Question

A train is traveling along a straight, level track at $26.8 \mathrm{m} / \mathrm{s} \quad(60.0 \mathrm{mi} / \mathrm{h}) .$ Suddenly the engineer sees a truck stalled on the tracks \(184 \mathrm{m}\) ahead. If the maximum possible braking acceleration has magnitude \(1.52 \mathrm{m} / \mathrm{s}^{2},\) can the train be stopped in time?

Short answer

Answer: No, the train cannot stop in time before hitting the truck.

Step-by-step solution

Identifying the known variables

We are given the following information: Initial velocity (\(v_i\)) = \(26.8 \,\mathrm{m/s}\) Final velocity (\(v_f\)) = \(0 \,\mathrm{m/s}\) (since the train has to stop) Braking acceleration (\(a\)) = \(-1.52 \,\mathrm{m/s^2}\) (negative since it is decelerating) Distance to the truck (\(d_{truck}\)) = \(184 \,\mathrm{m}\)
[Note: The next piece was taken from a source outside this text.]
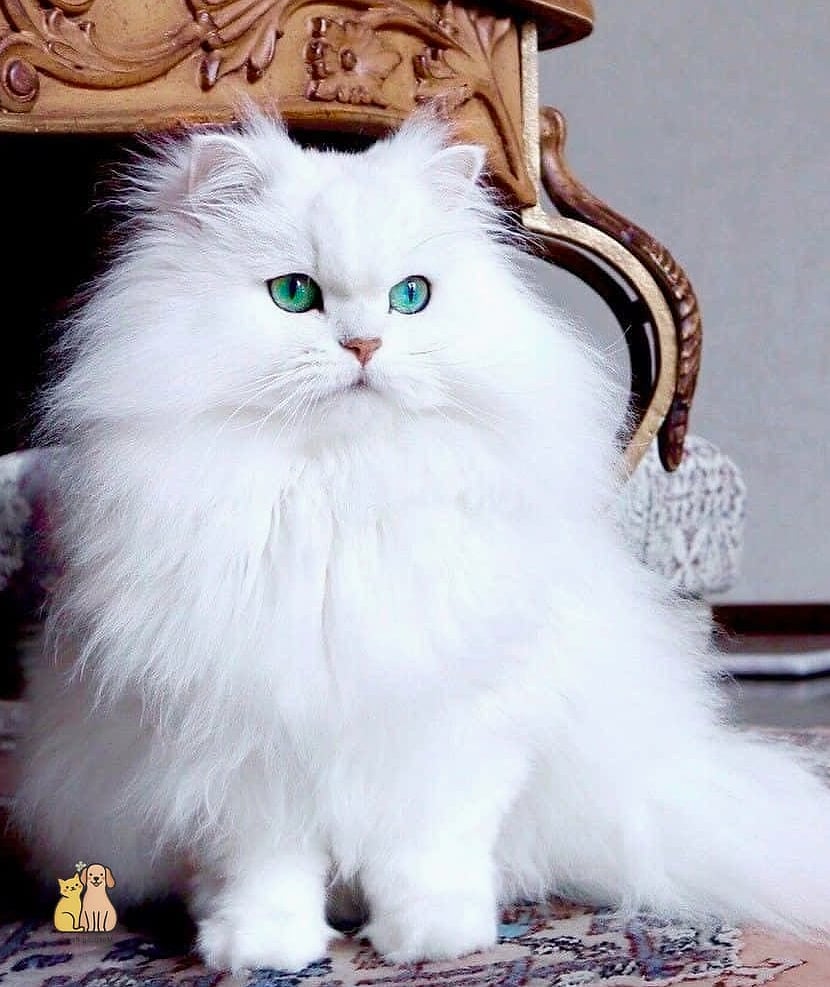 The Persian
Use the formula to find the stopping distance

To find the stopping distance (\(d_{stop}\)) of the train, we will use the following kinematic equation: \(v_f^2 = v_i^2 + 2ad_{stop}\)

Solve for the stopping distance (\(d_{stop}\))

We will now substitute the known variables into the equation and solve for the stopping distance (\(d_{stop}\)): \(0 = (26.8 \,\mathrm{m/s})^2 + 2 \times (-1.52 \,\mathrm{m/s^2}) d_{stop}\) Rearrange the equation to solve for \(d_{stop}\): \(d_{stop} = \frac{(26.8 \,\mathrm{m/s})^2}{2(1.52 \,\mathrm{m/s^2})}\) Calculate the value: \(d_{stop} \approx 236.3 \,\mathrm{m}\)

Compare stopping distance with distance to the truck

We now compare the stopping distance to the distance between the train and the truck: \(d_{stop} \approx 236.3 \,\mathrm{m}\) is greater than \(d_{truck} = 184 \,\mathrm{m}\) Since the stopping distance is greater than the distance to the truck, the train cannot stop in time before hitting the truck.